What to work on: Given these entries, repeat exactly the lines starting with the one that has "John Deere 9780 Agriculture - Others" and going on through the one that has "teaching textbooks algebra", both included, but none of the pictures.

Provided data:
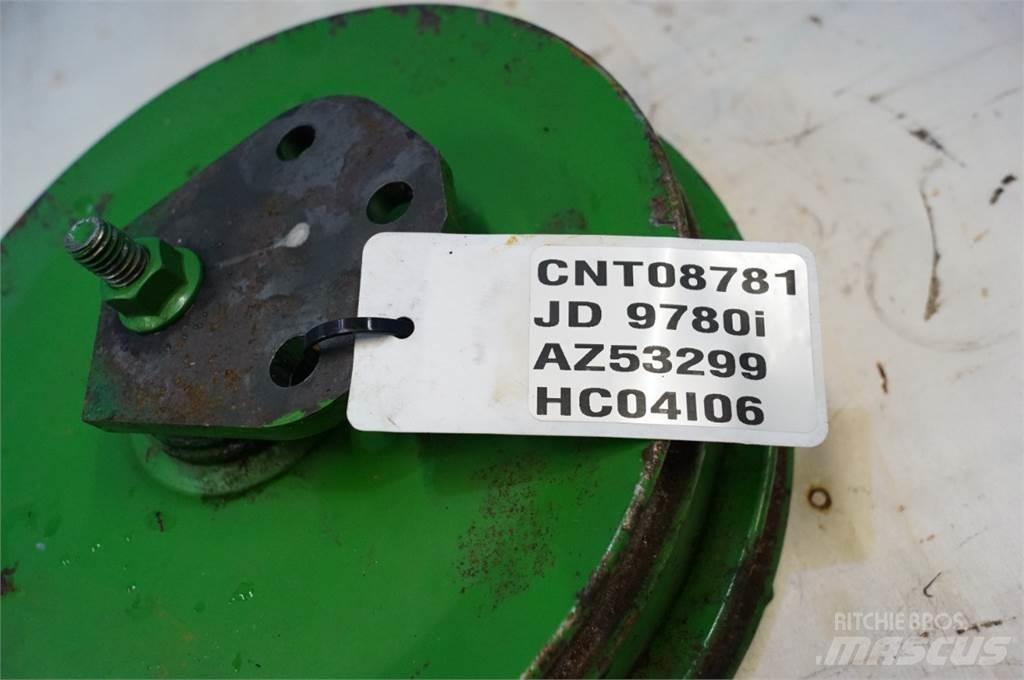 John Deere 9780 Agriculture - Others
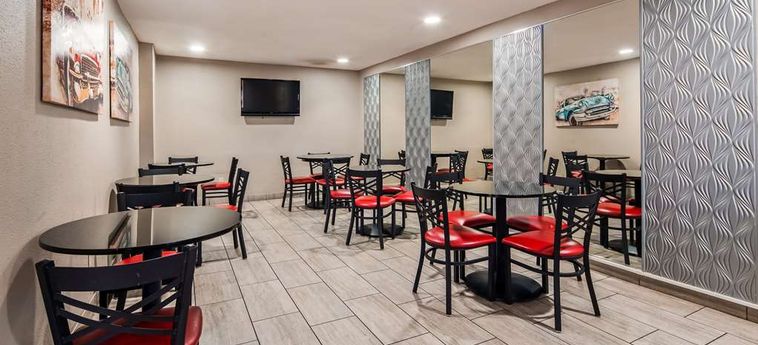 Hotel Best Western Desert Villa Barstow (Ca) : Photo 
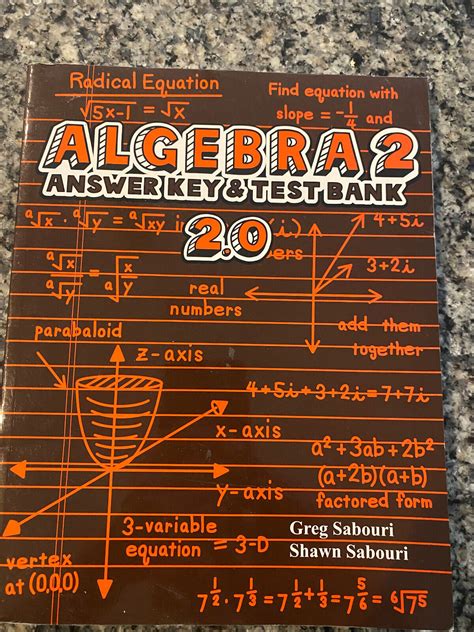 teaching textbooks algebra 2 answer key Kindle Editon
* * *
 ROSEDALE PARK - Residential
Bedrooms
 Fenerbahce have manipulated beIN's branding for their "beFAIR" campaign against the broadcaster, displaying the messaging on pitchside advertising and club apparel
* * *
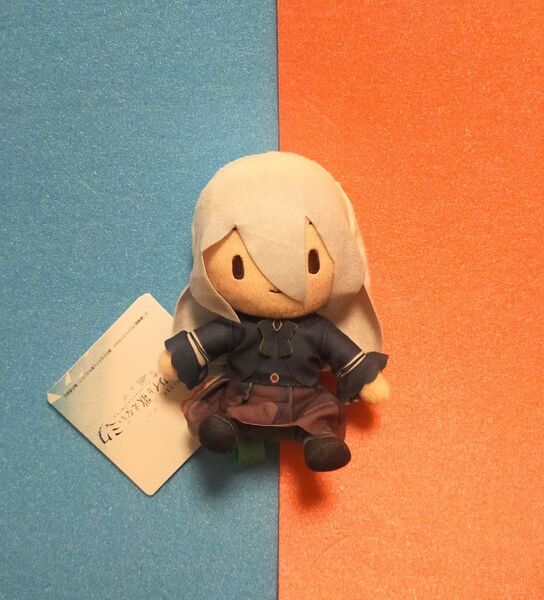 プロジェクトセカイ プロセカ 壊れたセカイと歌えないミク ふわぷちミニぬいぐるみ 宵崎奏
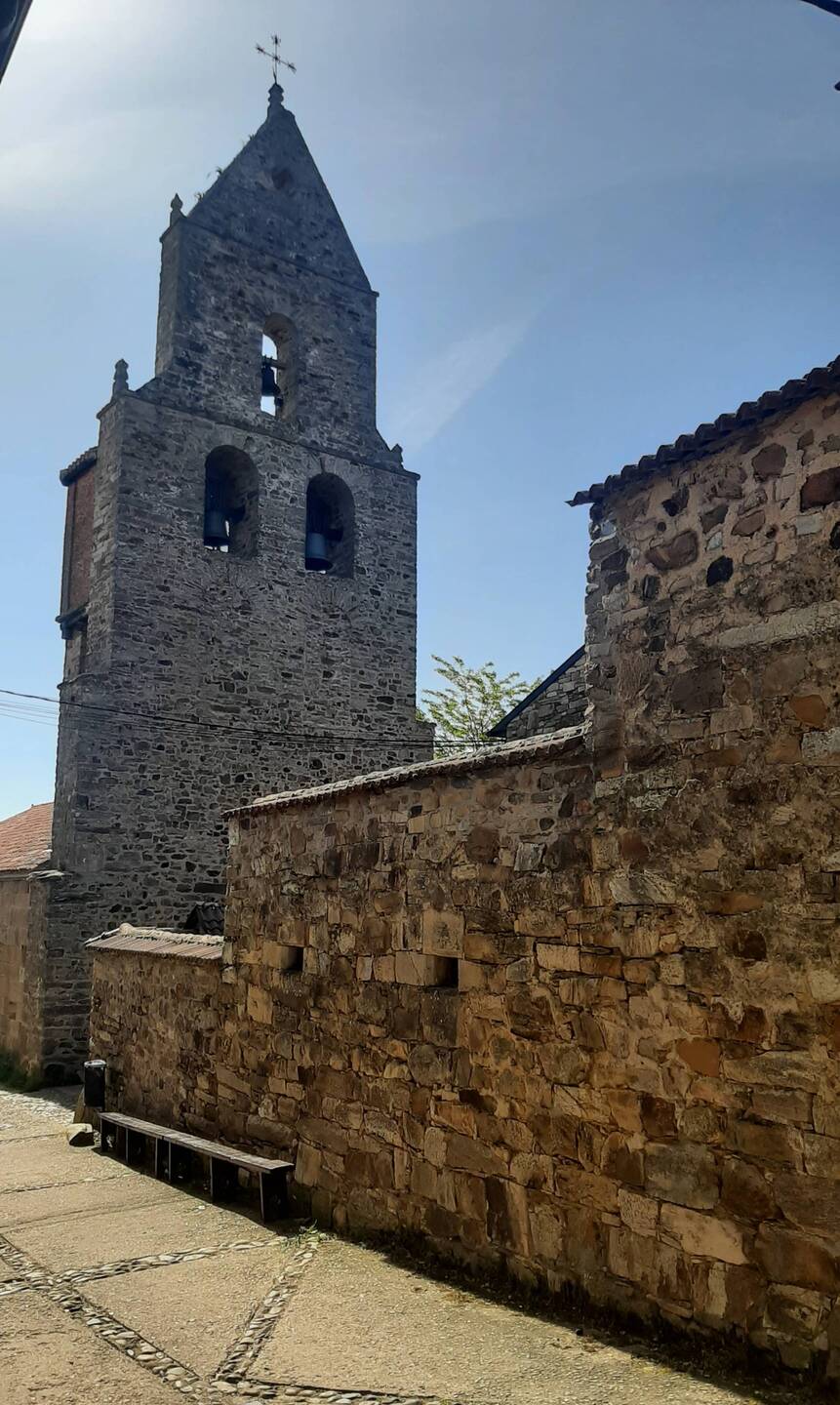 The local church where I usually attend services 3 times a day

Reply to the task:
 John Deere 9780 Agriculture - Others
 Hotel Best Western Desert Villa Barstow (Ca) : Photo 
 teaching textbooks algebra 2 answer key Kindle Editon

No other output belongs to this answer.